La Corte d’Appello, invece, aveva ritenuto la sussistenza del dolo e aveva condannato l’imputata adducendo che “il fatto che la Z. abbia ammesso di avere avuto una alternativa e di aver scelto di pagare gli stipendi e le mensilità in corso al fine di assicurare la continuità aziendale, anziché provvedere al pagamento delle ritenute operate nel precedente anno d’imposta, esclude che la stessa si sia trovata in una situazione di assoluta impossibilità di adempiere al debito d’imposta”.

I Giudici di Piazza Cavour, tuttavia, hanno accolto il ricorso dell’imputata, censurando la sentenza di secondo grado per aver operato una ricostruzione della fattispecie penale non giuridicamente completa.

Nel caso di specie, infatti, l’elemento soggettivo del reato sarebbe stato mal valutato proprio perché, in caso contrario, non poteva che configurarsi “un contrasto con la carta costituzionale laddove [si fosse ritenuta] la punibilità del soggetto imprenditore che omette il versamento delle ritenute fiscali, a causa di una crisi finanziaria e per far fronte ad improcrastinabili adempimenti verso altri creditori, quali i lavoratori dipendenti, pure tutelati dalla Costituzione, con particolare riferimento al diritto al lavoro e alla conseguente retribuzione” (cfr., ex multis, Cass. Civ., sez. III, 9.10.2013, n. 5905; Cass. civ., sez. III, 25.02.2015, n. 8352; Cass. Civ., sez.

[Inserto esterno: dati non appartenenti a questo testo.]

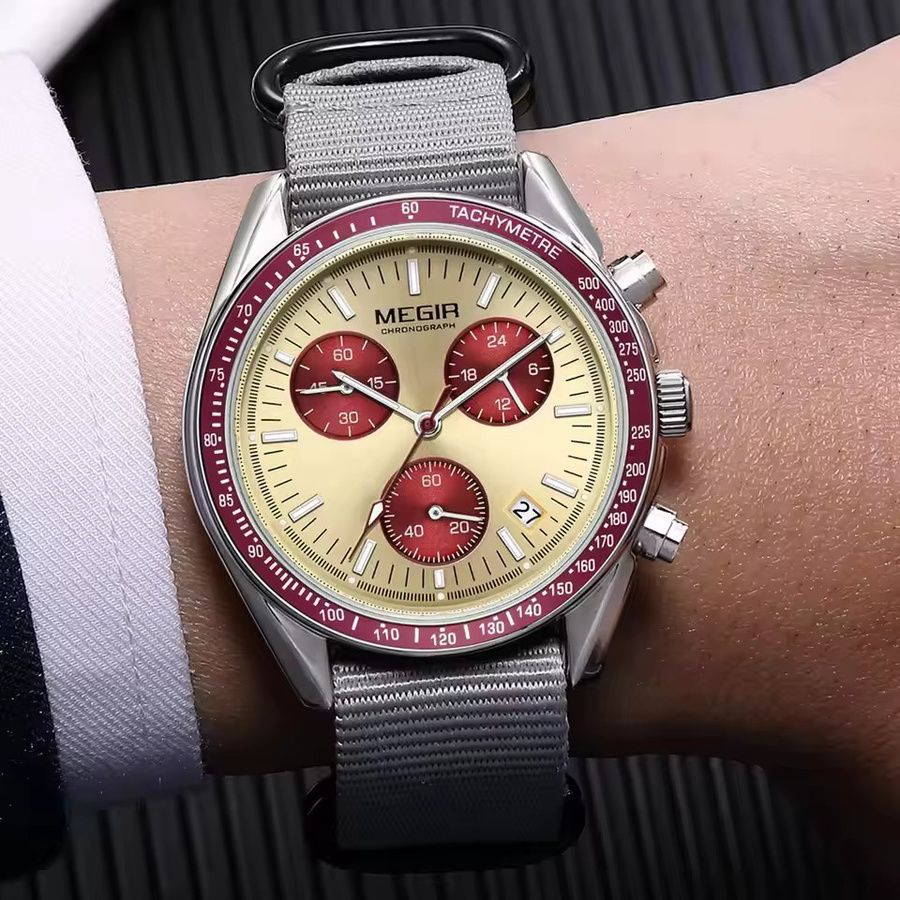 MEGIR Armbanduhr Chronograph, Quarz, Schwarz, Textil/NATO, Herren - Bild 1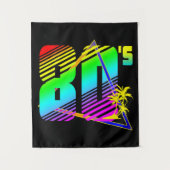 80のカラフル夕日のヤシの木 タペストリー (正面)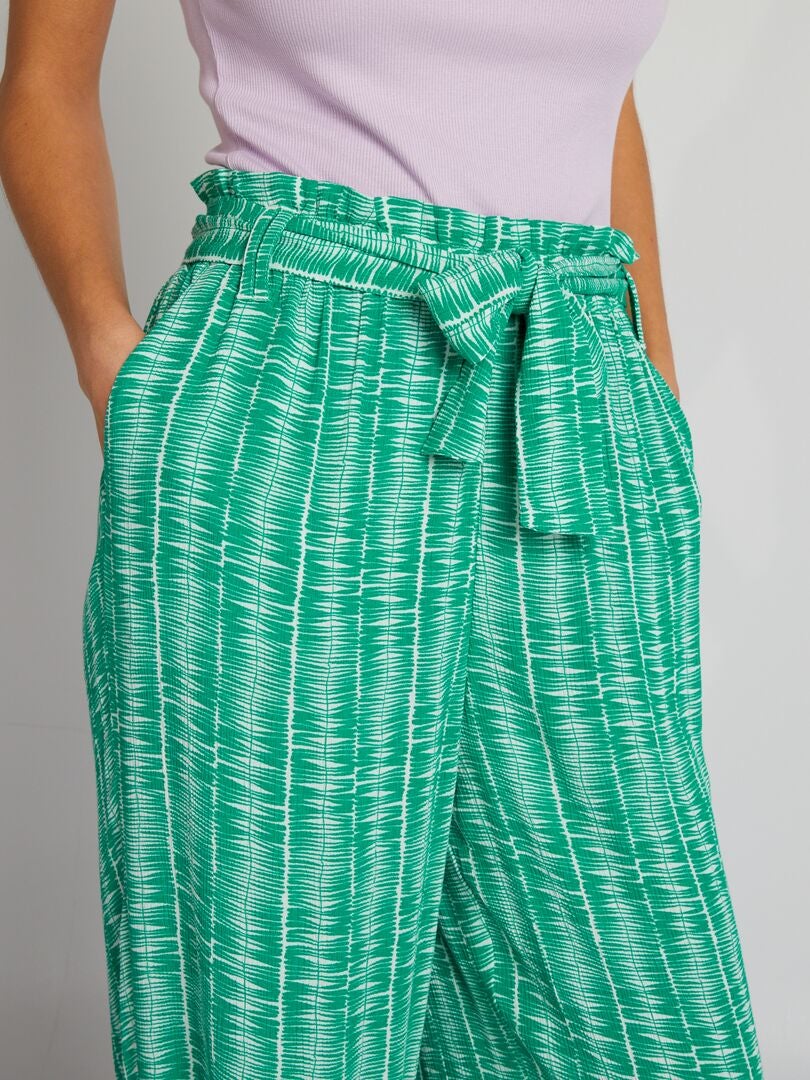 Broek met strikceintuur - GROEN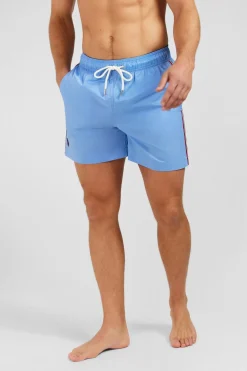 Short De Bain Uni Detail Bandes Tricolores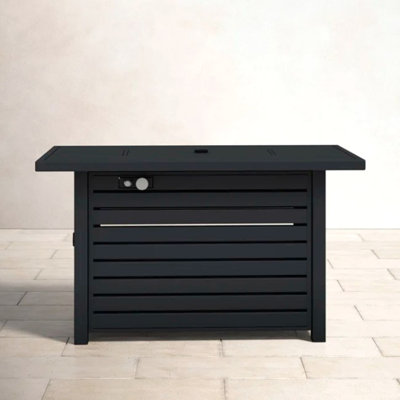 Steel Propane/Natural Gas Outdoor Fire Pit Table With Lid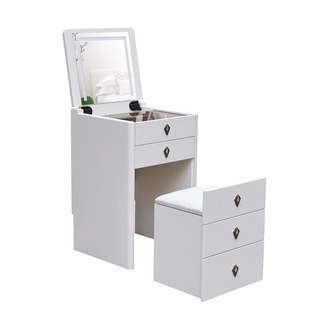 Megafurniture | Aquina Off White Dressing Table with Dressing Stool | Dressing Table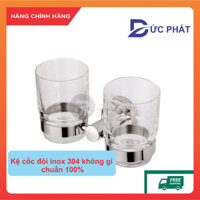 Kệ cốc đánh răng đôi inox 304 xịn không rỉ, giá để cốc đánh răng Rangos RG-PK103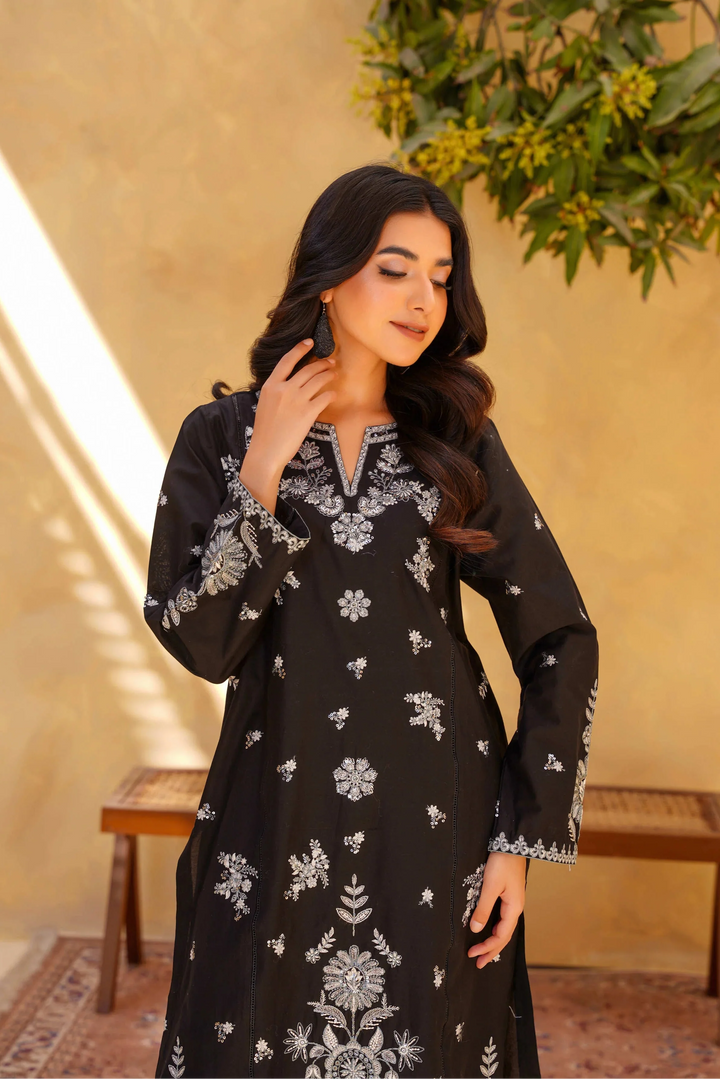 Yashfa Studio - Noir Brazilian Lawn Suit For Women - Black - 2 Piece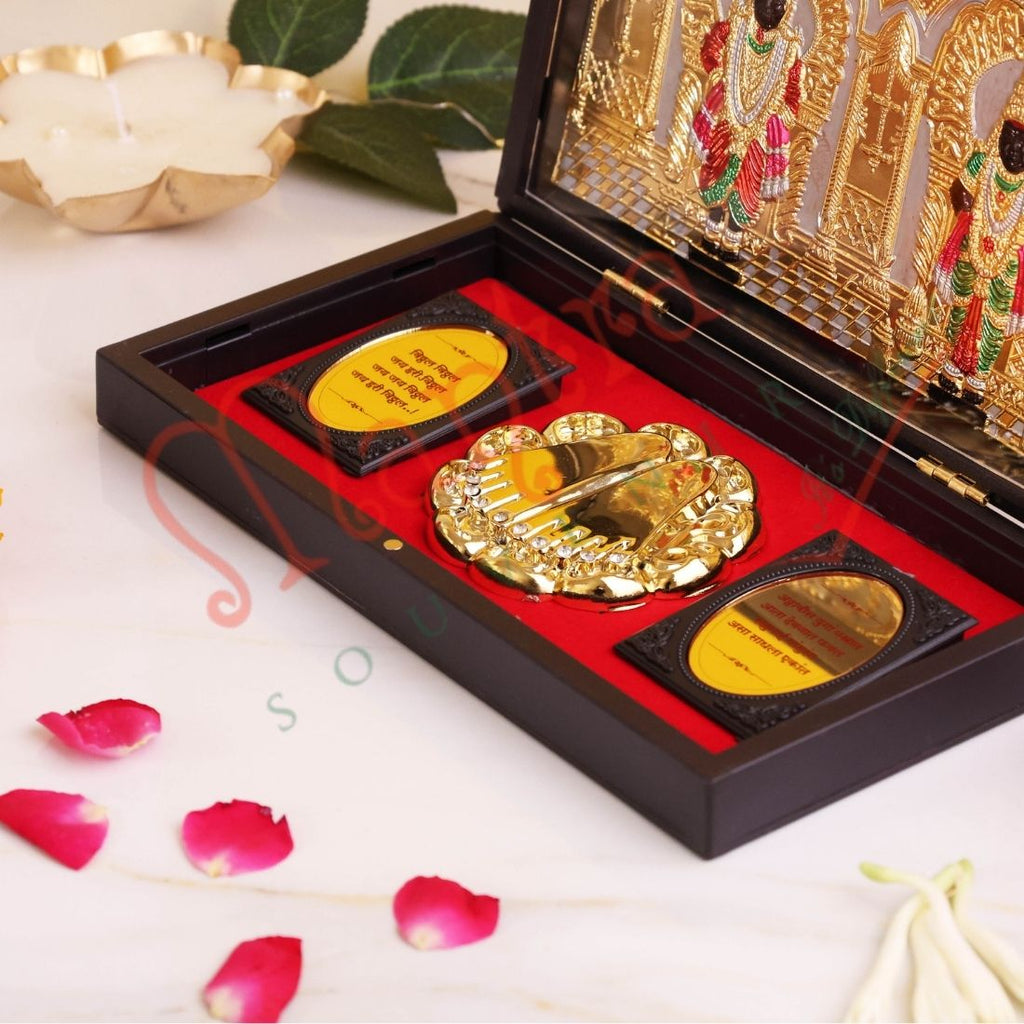Deluxe 3D Vitthal Rukmini Charan Paduka Box – Mantras – Premium ABS Polymer Spiritual Gift for Home Mandir, Office & Car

III, 29.03.2017, n. 46459).

Atteso che il delitto in parola è un reato a dolo generico, quindi, la Corte di Cassazione ha censurato la sentenza di secondo grado, in quanto non aveva adeguatamente motivato in ordine all’elemento soggettivo, “non potendo a priori escludere che la convinzione che i dipendenti necessitassero l’immediata corresponsione (non di somme di denaro di per sé, bensì) di “mezzi di sostentamento necessari” per loro e per le loro famiglie, se realmente fosse stata propria dell’imputata e se realmente l’avesse indotta a pagarli a costo di omettere il versamento delle ritenute, fosse stata nel caso concreto compatibile con il dolo del reato in questione, ovvero con una contestuale consapevolezza dell’illiceità”.

Per tali ragioni, i Giudici di Piazza Cavour hanno accolto il ricorso presentato dall’imputata e rinviato ad altra sezione della Corte d’Appello.